## TASK OBJECTIVE
The listing below must be returned in full and unchanged, without the images it carries.

## PROVIDED MATERIAL
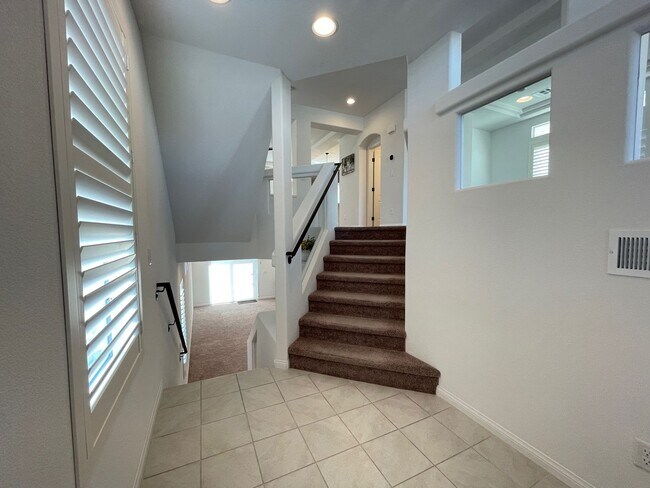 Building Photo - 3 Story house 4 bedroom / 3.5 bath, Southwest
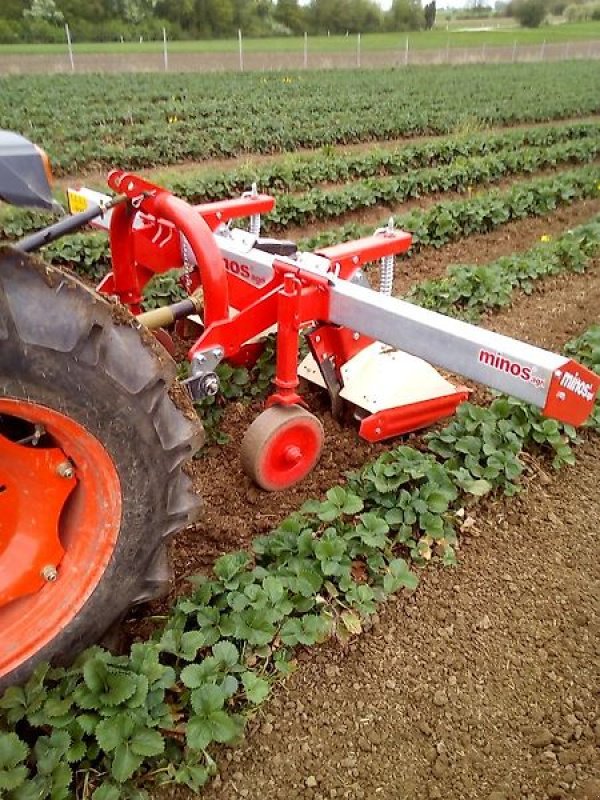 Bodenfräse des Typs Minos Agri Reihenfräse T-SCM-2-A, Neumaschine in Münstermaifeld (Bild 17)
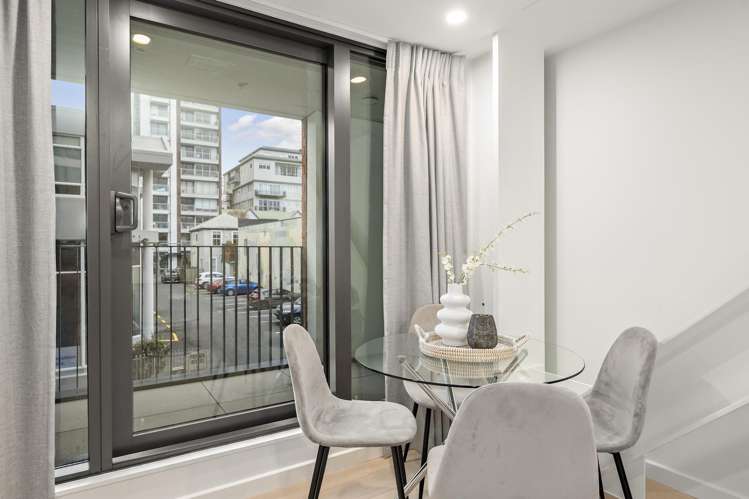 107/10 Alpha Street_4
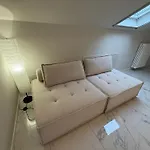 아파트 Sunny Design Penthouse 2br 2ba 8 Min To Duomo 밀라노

## ANSWER TO THIS PROBLEM
 Building Photo - 3 Story house 4 bedroom / 3.5 bath, Southwest
 Bodenfräse des Typs Minos Agri Reihenfräse T-SCM-2-A, Neumaschine in Münstermaifeld (Bild 17)
 107/10 Alpha Street_4
 아파트 Sunny Design Penthouse 2br 2ba 8 Min To Duomo 밀라노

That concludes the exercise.